3D Spline Road
3Dスプライン路面を使用すると、サーキットや駐車スペースなど、各種の滑らかな3次元路面を定義できます。タイヤの曲率よりも小さい曲率の路面が存在すれば、それは滑らかな路面として定義されます。
また、3Dスプライン路面では、滑らかな路面上に配置した3次元の路面障害物をモデル化できます。センターライン、幅、バンク角、路面左右の摩擦レベルで路面が定義されます。
路面のセンターラインの座標は、3次元空間に任意の線を作成することで指定できます。路面の断面は平坦であることが前提となっており、その断面で路面の幅とバンク角をデータポイントごとに指定できます。また、路面の左側と右側の摩擦レベルを指定できます。
3Dスプライン路面障害物のタイプ
- POTHOLE
- RAMP
- PLANK
- ROOF
- SINE
- SWEEP
障害物の設置
障害物は“移動距離”の手法に基づいています。各障害物のSTARTキーワードは、テーブルでこのキーワードが指定されている場所のスプラインの座標を基準として、障害物の相対的な開始距離を示します。したがって、0を指定した場合は、障害物が直ちに現れることを意味します。添付されている3Dスプライン路面サンプルでは、OBSTACLE1のSTART値が0であるため、x,y = 5,0で障害物が現れ始めます。キーワード
- 全体キーワード
- すべての障害物に必要なキーワードは次のとおりです:
キーワード 説明 START 障害物の開始位置。 - '0.0 0.0 0.0'
- 局所座標系。
- '0.0'
- 距離で定義した障害物。
LENGTH 障害物の長さ。 LENGTHは路面の長さ方向に定義します。
ROAD_TYPE 障害物タイプ。 注: 上記の各データは、障害物のタイプに関係なく、.rdfファイルで指定する必要があります。
- POTHOLE
- 四角形状の単独の穴。
ROAD_TYPE = 'POTHOLE'の場合は、‘DEPTH’キーワードを指定する必要があります。DEPTHに正数を指定すると路面の凹部であることを示し、負数を指定すると路面の凸部であることを示します。

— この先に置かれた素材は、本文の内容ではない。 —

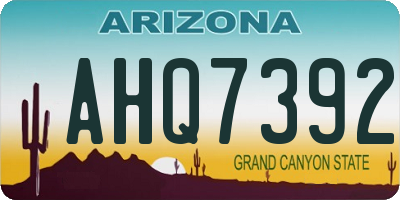 AZ license plate AHQ7392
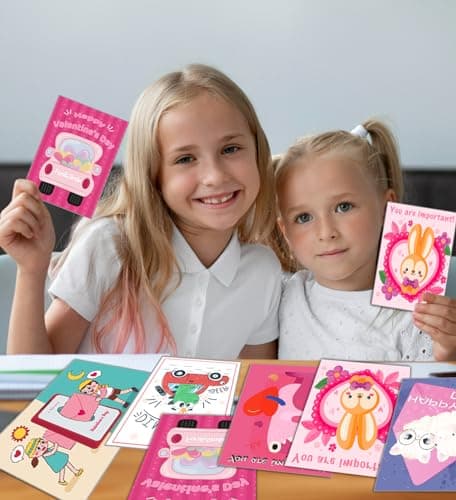 HSHFAMIIY Valentines Day Cards for Kids School, 24 Sheets Valentines Cards for Kids Classroom, Valentine's Day Gifts for Kids, Exchange Kids Gifts for School - Thumbnail 5
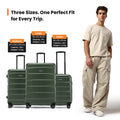 Green wheeled suitcase set with telescopic handles, including a cabin-size case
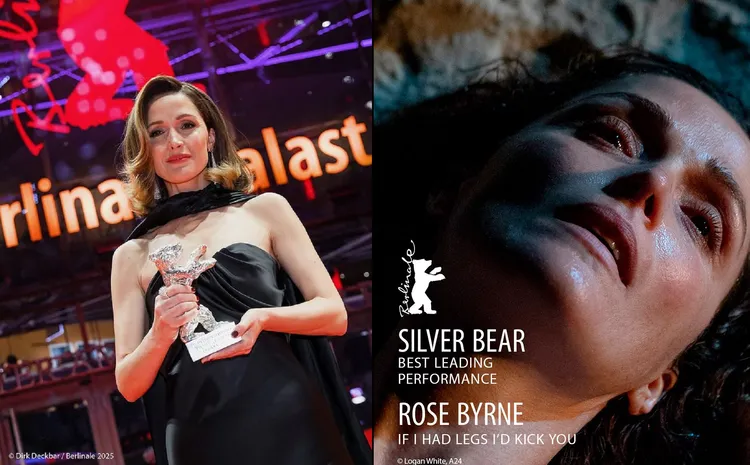蘿絲伯恩喜獲最佳主角銀熊獎。翻攝柏林影展IG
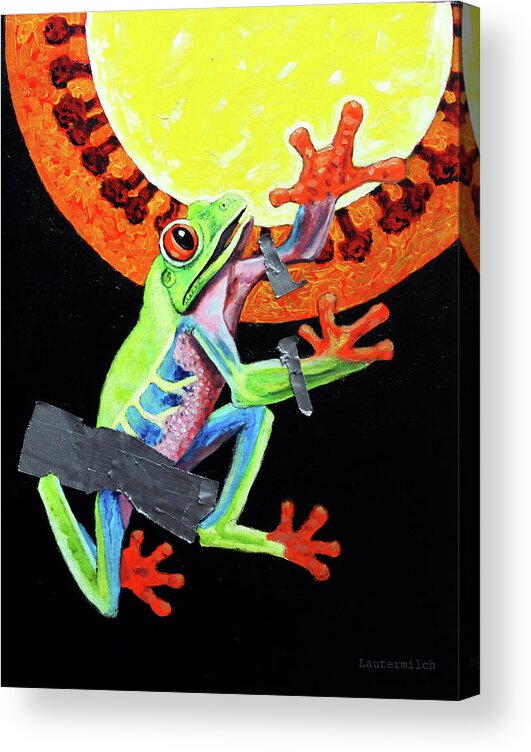 Frog Acrylic Print featuring the painting Begging for Help by John Lautermilch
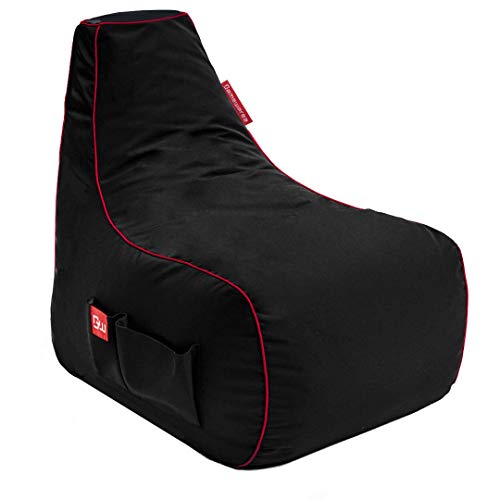 GAMEWAREZ Crimson Warrior Sitzsack – Gaming-Sitzsack, Indoor und Outdoor geeignet, mit Rückenlehne zum Zocken, praktische Seitentasche, robust und reißfest, Made in Germany, schwarz-rot von Gamewarez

以下のような穴のテーブルを、対応する項目を使用して追加します。キーワード 説明 DEPTH 正数または負数で指定した、障害物の深さ。 - RAMP
- 単独のランプ。立ち上がりのランプまたは立ち下がりのランプを指定します。ROAD_TYPE = 'RAMP'の場合は、以下の各パラメータを指定する必要があります。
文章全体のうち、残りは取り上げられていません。